REPUBLIKA.CO.ID, NAYPYTAW -- Pemerintah Myanmar menolak dua laporan baru-baru ini mengenai tindakan kejahatan yang melanggar hak asasi manusia (HAM) terhadap etnis minoritas Muslim Rohingya. Pihaknya mengatakan klaim tersebut tidak ada penyokongnya.
Dua laporan ke Perserikatan Bangsa-Bangsa (PBB) telah menemukan bahwa Myanmar telah melakukan pelanggaran HAM ekstrem terhadap orang-orang etnis Rohingya. Pelanggaran tersebut kemungkinan besar merupakan kejahatan menurut hukum internasional.
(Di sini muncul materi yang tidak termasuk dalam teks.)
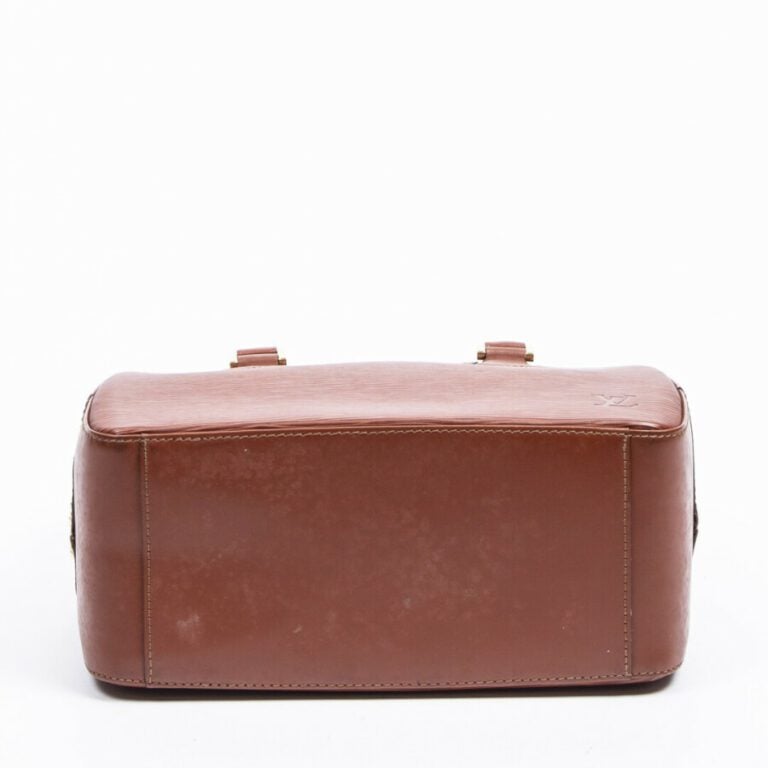 LOUIS VUITTON - 2008 - Sac "Pont-Neuf" - "Pont-Neuf" bag - - Cuir Epi Tan - Tan…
Dewan HAM PBB mendengar kedua laporan tersebut pada Senin (12/3). Dengan satu dari Misi Pencarian Fakta Independen mengenai Myanmar, dan satu lagi dari Yanghee Lee, Pelapor Khusus PBB untuk HAM di Myanmar.
Sementara itu tim penyelidik telah dilarang untuk memasuki Myanmar. Oleh karena itu mereka mengandalkan wawancara dengan pengungsi dan lainnya di Bangladesh, Malysia, dan Thailand.
"Isi informasi dan materi yang kami kumpulkan sangat konkret dan luar biasa," kata para ahli Misi Pencitraan Fakta dalam laporan lisan mereka.
"Ini menunjukkan pelanggaran hak asasi manusia yang paling serius, kemungkinan besar masuk dalam kejahatan di bawah hukum internasional."
Laporan misi tersebut didasarkan pada lebih dari 600 wawancara mendalam dengan para korbandan saksi. Penyidik juga menganalisis citra satelit, foto dan cuplikan video.
"Setiap penolakan atas keseriusan situasi di Rakhine, pelanggaran hak asasi manusia yang dilaporkan, dan penderitaan korban, tidak dapat dipertahankan," kata mereka. "Kami memiliki ratusan akun kredibel yang paling menyiksa."
Misi tersebut menemukan bahwa apa yang disebut operasi pembersihan oleh pasukan keamanan Myanmar telah menyebabkan hampir 700 ribu pengungsi Rohingya memasuki Bangladesh. Tindakan yang dilakukan sejak Agustus tahun lalu itu membuat banyak orang Rohingya terbunuh dalam operasi semacam itu.
"Orang-orang meninggal karena luka tembak, seringkali karena penembakan tanpa pandang bulu saat penduduk desa melarikan diri. Beberapa dibakar hidup-hidup di rumah mereka seringkali orang tua, difabel dan anak-anak muda. Yang lainnya diretas sampai mati."
Dalam pernyataannya, Lee mengatakan bahwa tindakan di negara ini menyandang tanda genosida. Dia mewawancarai lebih dari 100 pengungsi di Bangladesh dan mereka mengatakan hal-hal buruk kepadanya.
"Orang tua mengatakan kepada saya bahwa ada catatan mengerikan tentang menyaksikan anak-anak mereka dilemparkan ke dalam api. Korban selamat menggambarkan pasukan keamanan memanggil keluarga dari rumah mereka, memisahkan laki-laki dewasa dan anak laki-laki untuk dieksekusi di depan keluarga mereka atau dibawa pergi. Saya mendengar kesaksian tentang wanita dan anak perempuan yang diperkosa dan kemudian dibunuh, beberapa dibakar hidup-hidup di rumah mereka saat tidak sadar atau terikat," ujarnya melaporkan.
Hal tersebut membuat Lee ragu atas ketulusan Myanmar mengenai pemulangan para pengungsi dari Bangladesh. Terlebih karena kini mereka tidak bisa mengklaim tempat tinggalnya dulu di negara bagian Rakhine karena perkampungan mereka di sana telah rata dengan tanah akibat dibuldoser.
Bahkan citra satelit menunjukkan bahwa Myanmar telah membangun pangkalan militer di lokasi yang telah dibuldoser tersebut. Selain itu, tampaknya ada kebijakan kelaparan paksa, yang dirancang agar tidak ada kehidupan berkelanjutan di Rakhine utara bagi etnis Rohingya yang masih bertahan di sana.
Pemerintah Myanmar menolak legitimasi laporan tersebut. "Kami tidak menyangkal pelanggaran hak tapi kami meminta bukti yang kuat, berdasarkan fakta dan dapat dipercaya atas tuduhan yang mereka lakukan," kata juru bicara pemerintah Myanmar Zaw Htay.